**EXCERPTED DATA:**
───

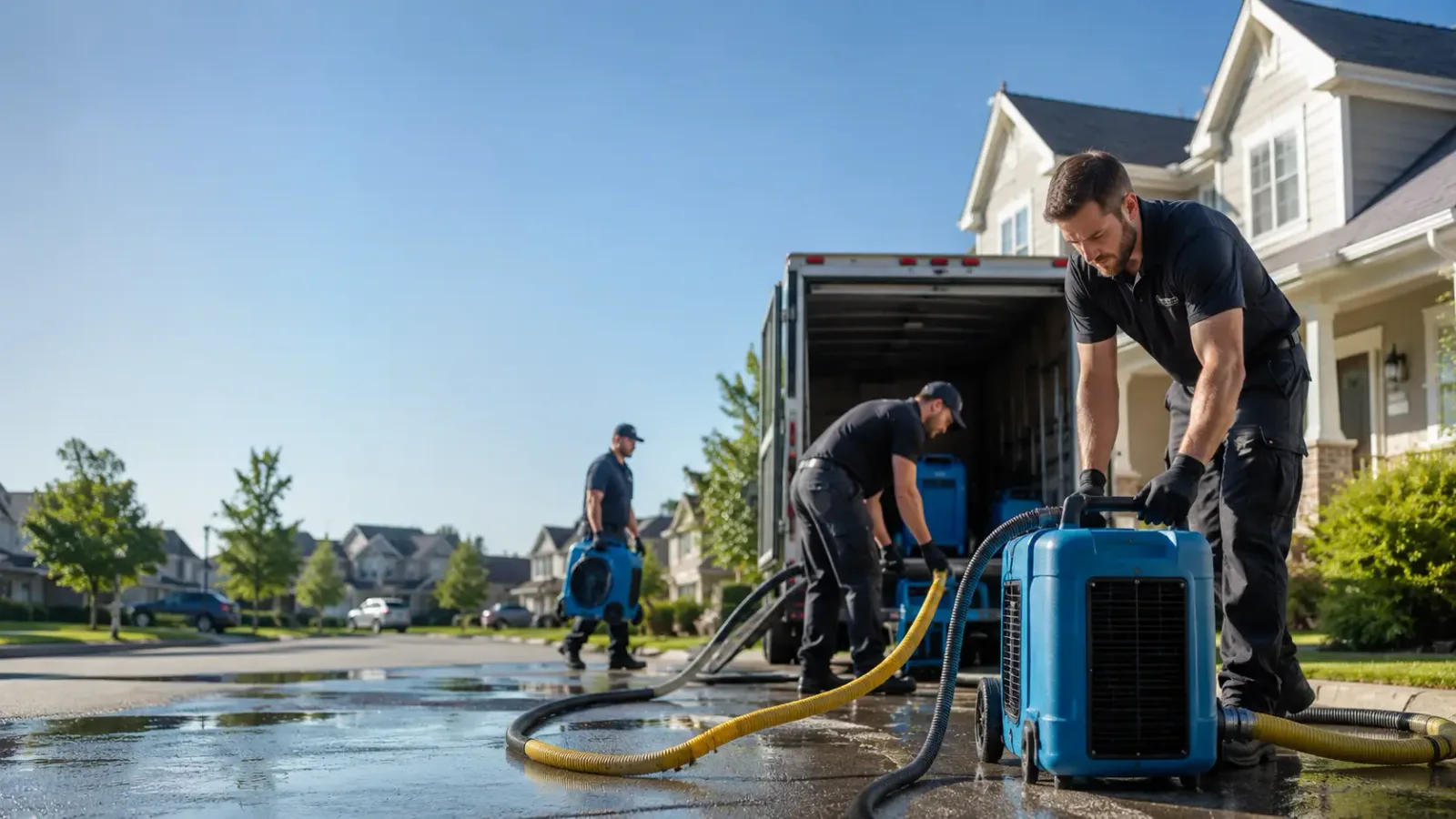 Water Damage Mitigation in Given, WV
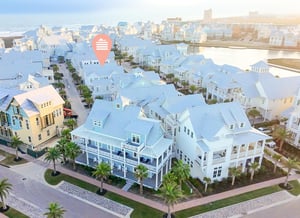 Aerial View, Location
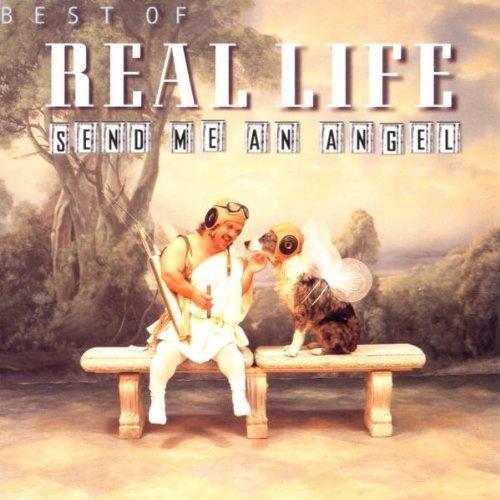 Album cover art for Best of Real Life - Send Me an Angel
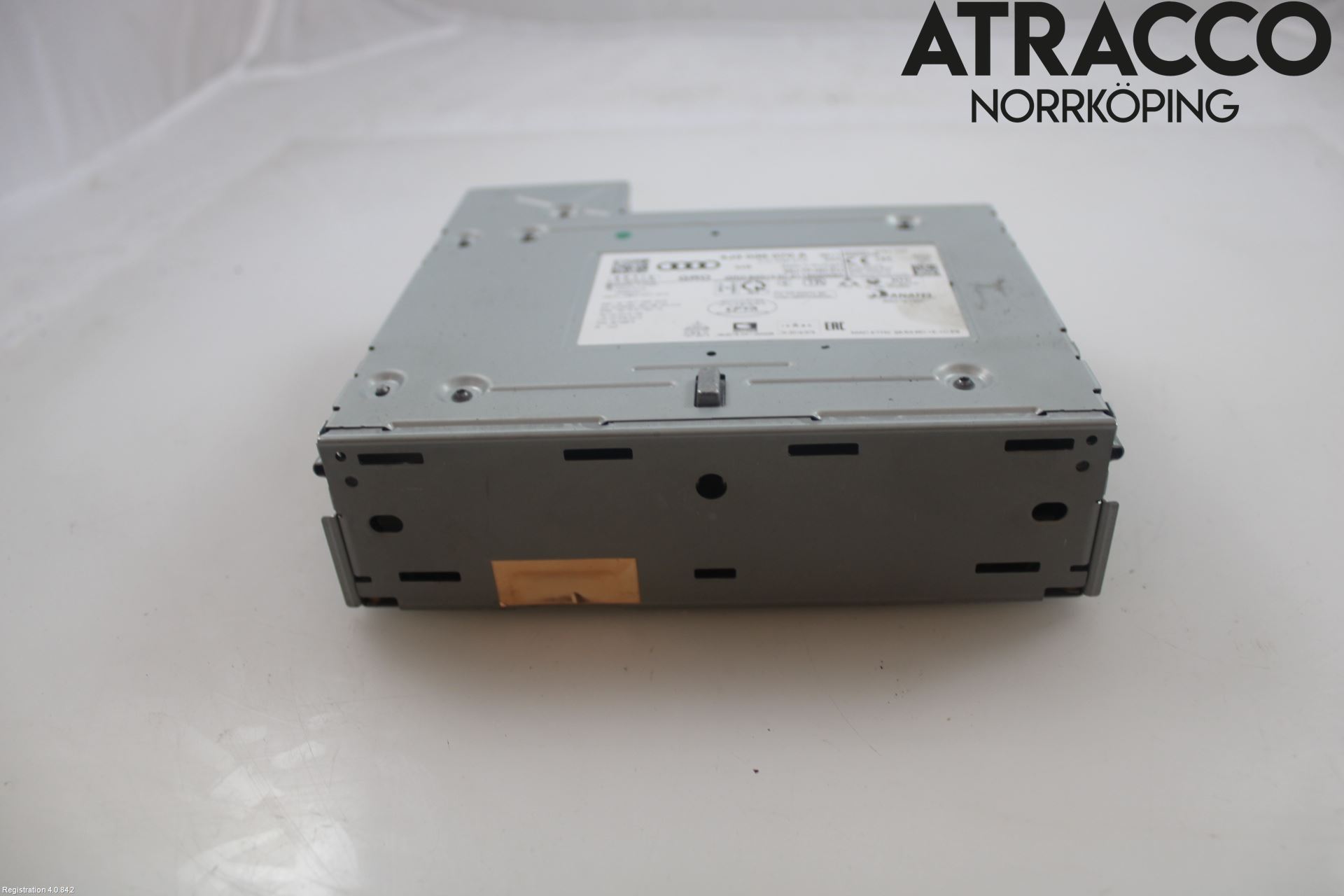 Audi E-TRON GT FW 21- Cd Radio - Multimediapanel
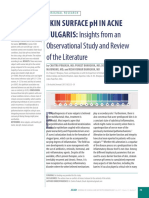 SKIN SURFACE PH IN ACNE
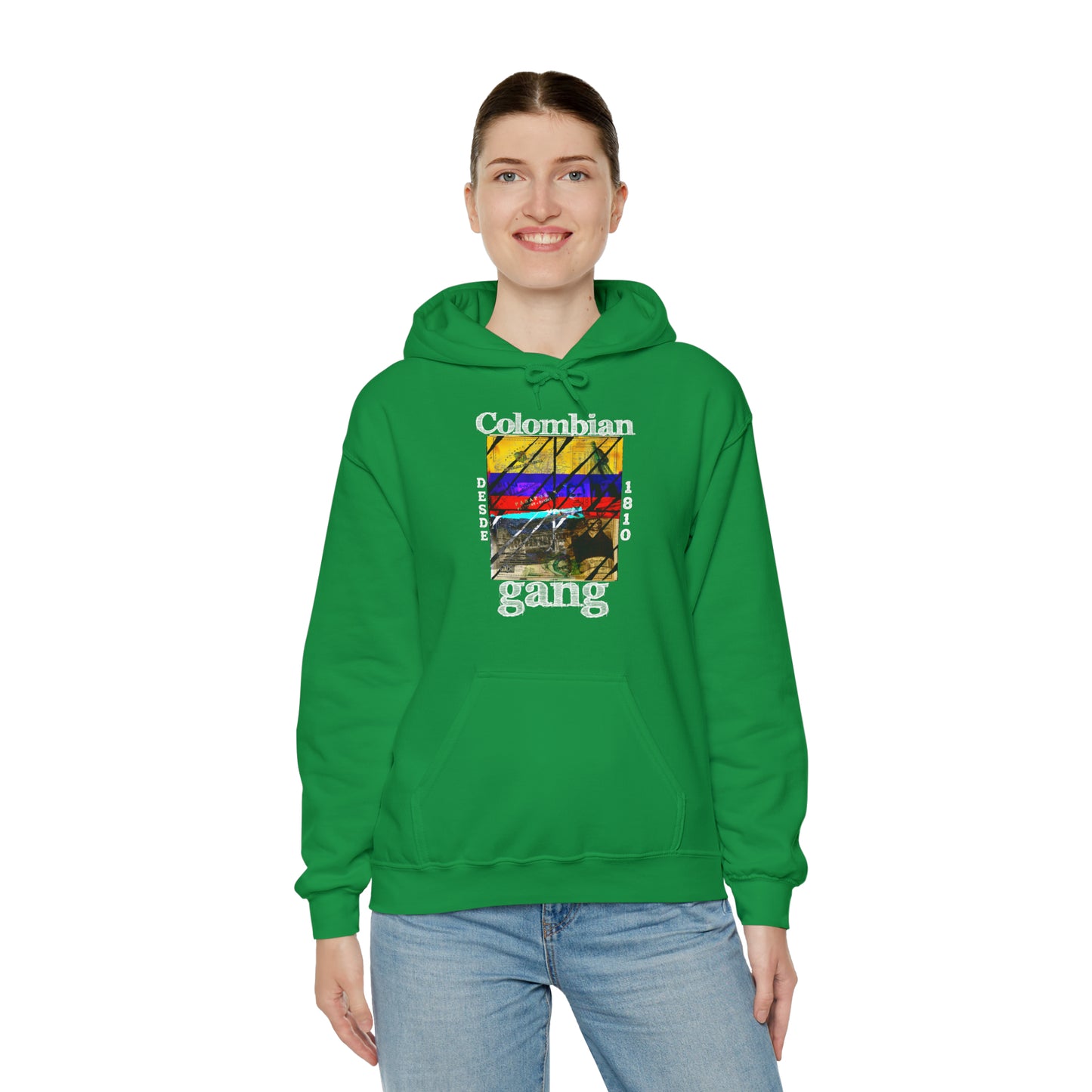 Unisex Hoodie Colombian Gang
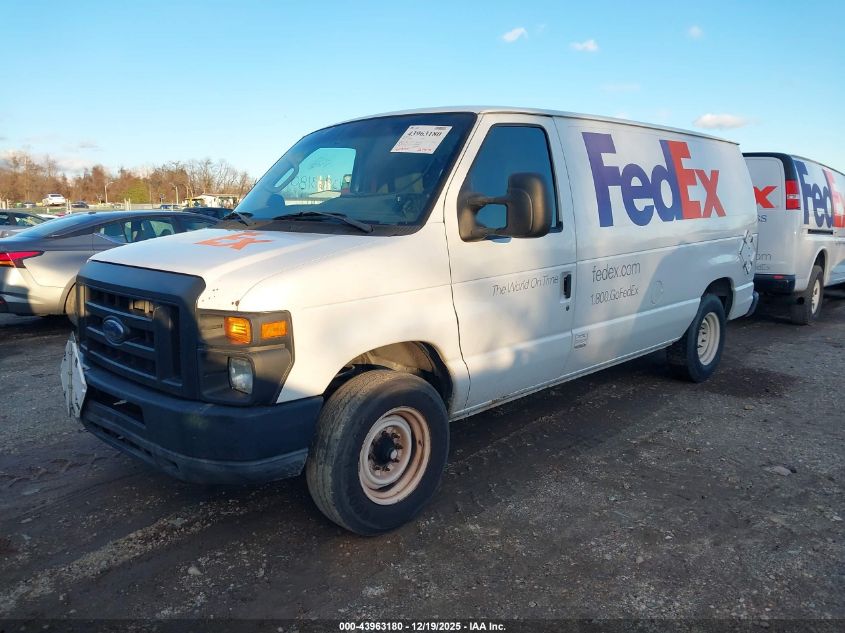 2010 Ford E-150 Commercial/Recreational VIN: 1FTNE1EW4ADA91648 Lot: 43963180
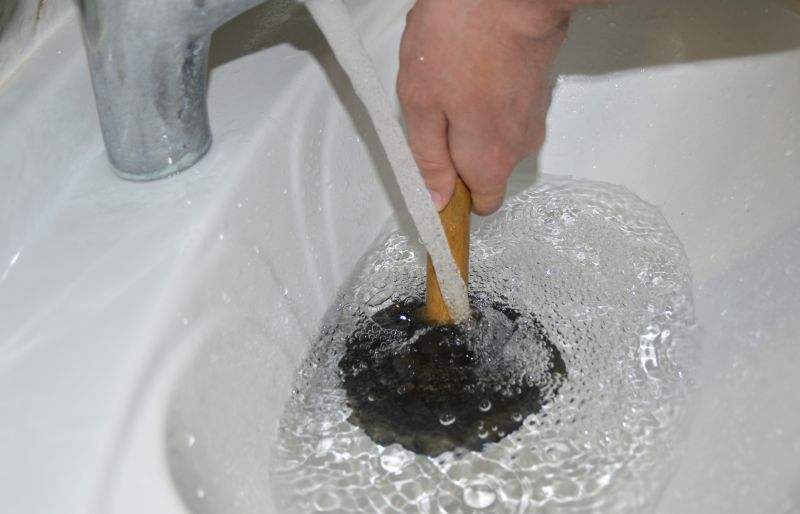 Sink Unclogging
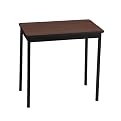 Utility Table - Walnut/ Black (30")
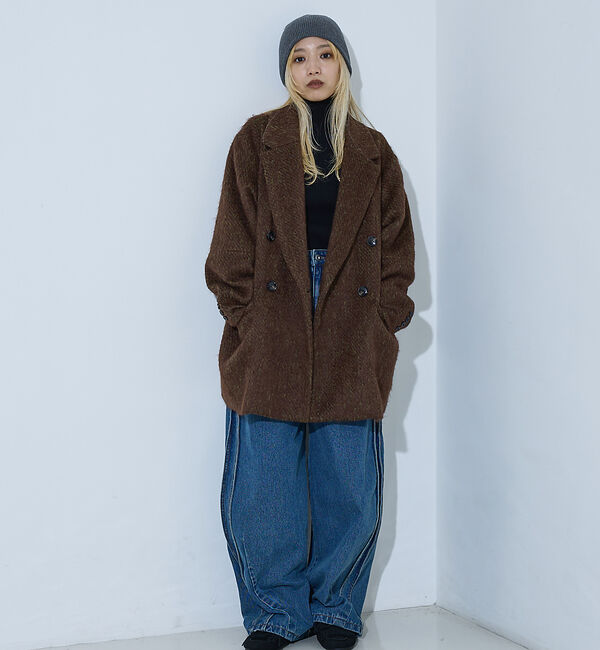 NOMINE「シャギー ジャケット コート / ジャコット」|その他|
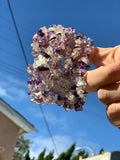 Fluorite Crystal Chip Bracelet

───

**YOUR GOAL:**
Your task is to retype the listing exactly, without its pictures.

**SOLUTION FOR THIS TASK:**
 Water Damage Mitigation in Given, WV
 Aerial View, Location
 Album cover art for Best of Real Life - Send Me an Angel
 Audi E-TRON GT FW 21- Cd Radio - Multimediapanel
 SKIN SURFACE PH IN ACNE
 Unisex Hoodie Colombian Gang
 2010 Ford E-150 Commercial/Recreational VIN: 1FTNE1EW4ADA91648 Lot: 43963180
 Sink Unclogging
 Utility Table - Walnut/ Black (30")
 NOMINE「シャギー ジャケット コート / ジャコット」|その他|
 Fluorite Crystal Chip Bracelet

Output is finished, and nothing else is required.